<<<<

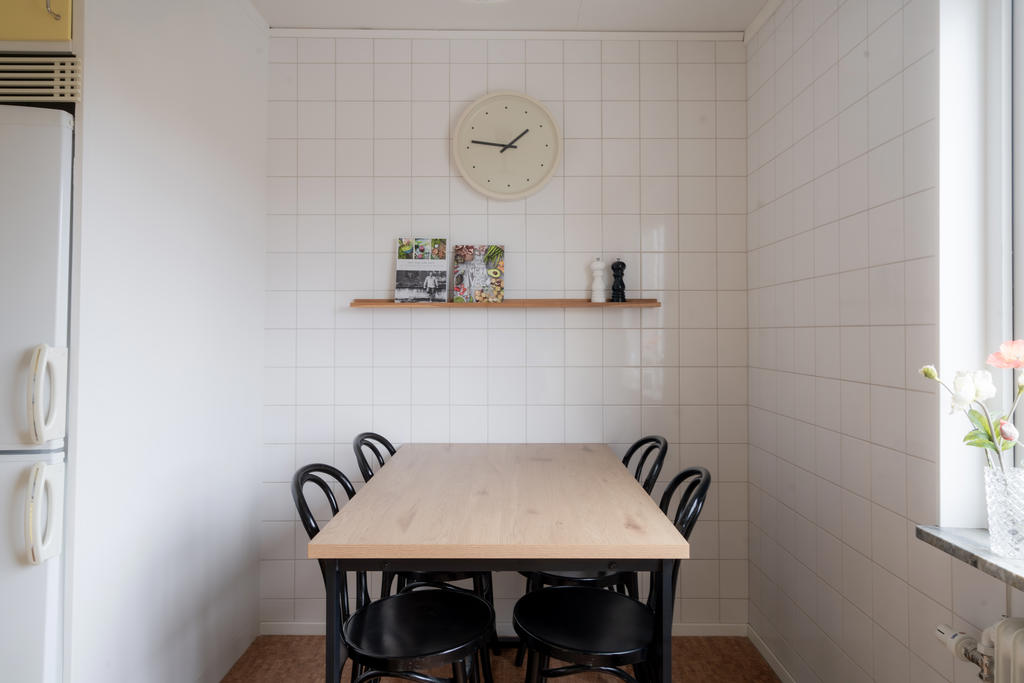 Bistrokänsla vid matplatsen i köket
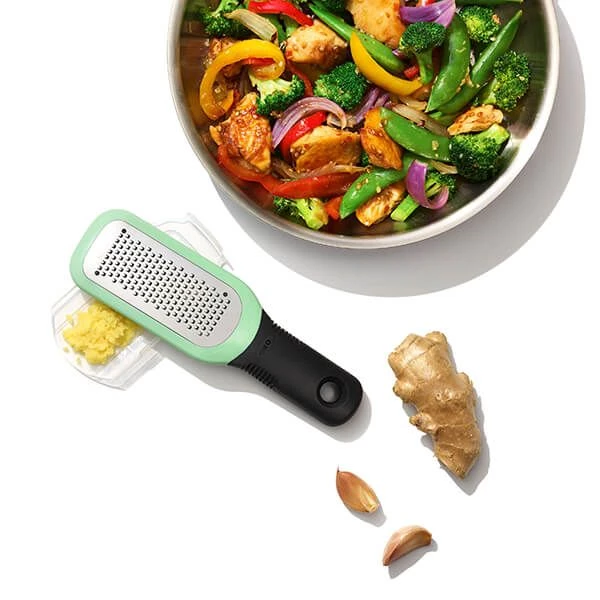 OXO Good Grips Etched Ginger & Garlic Grater 6 OXO Good Grips Etched Ginger & Garlic Grater - Image 6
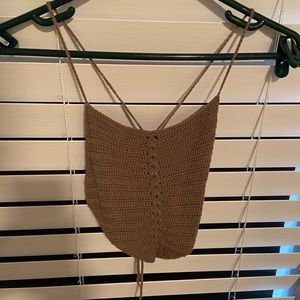 Cute tie-back crop top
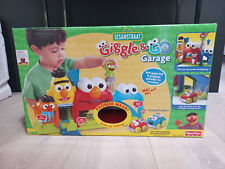 FISHER-PRICE Sesamstrasse SESAME STREET Giggle & Go Garage WITH BOX - RARE!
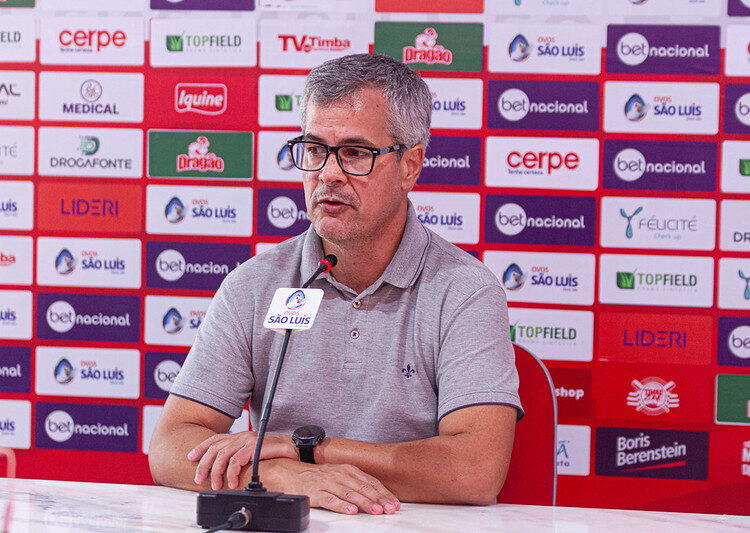 “Avaliação quando estiver todo mundo à disposição”, diz executivo do Náutico sobre trabalho de Allan Aal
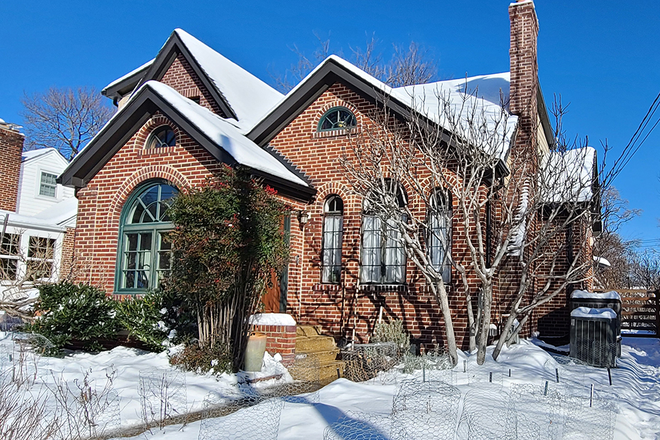 House to share - Furnished basement suite in quiet private home with great location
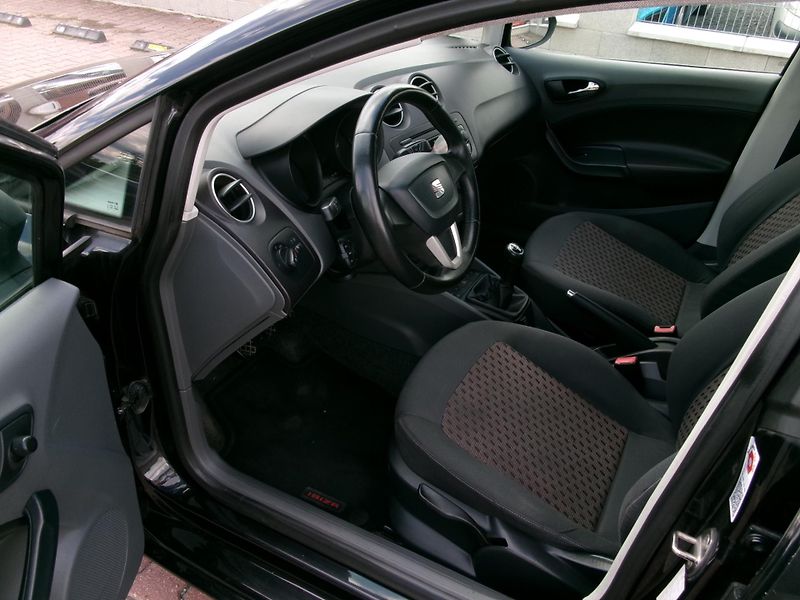 Seat Ibiza (2009) 1,4 16V KLIMA - fotka 10 z 27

>>>>

[WHAT IS EXPECTED]:
Copy out nothing but text: transcribe the listing exactly and skip each picture.

[OUTPUT]:
 Bistrokänsla vid matplatsen i köket
 OXO Good Grips Etched Ginger & Garlic Grater 6 OXO Good Grips Etched Ginger & Garlic Grater - Image 6
 Cute tie-back crop top
 FISHER-PRICE Sesamstrasse SESAME STREET Giggle & Go Garage WITH BOX - RARE!
 “Avaliação quando estiver todo mundo à disposição”, diz executivo do Náutico sobre trabalho de Allan Aal
 House to share - Furnished basement suite in quiet private home with great location
 Seat Ibiza (2009) 1,4 16V KLIMA - fotka 10 z 27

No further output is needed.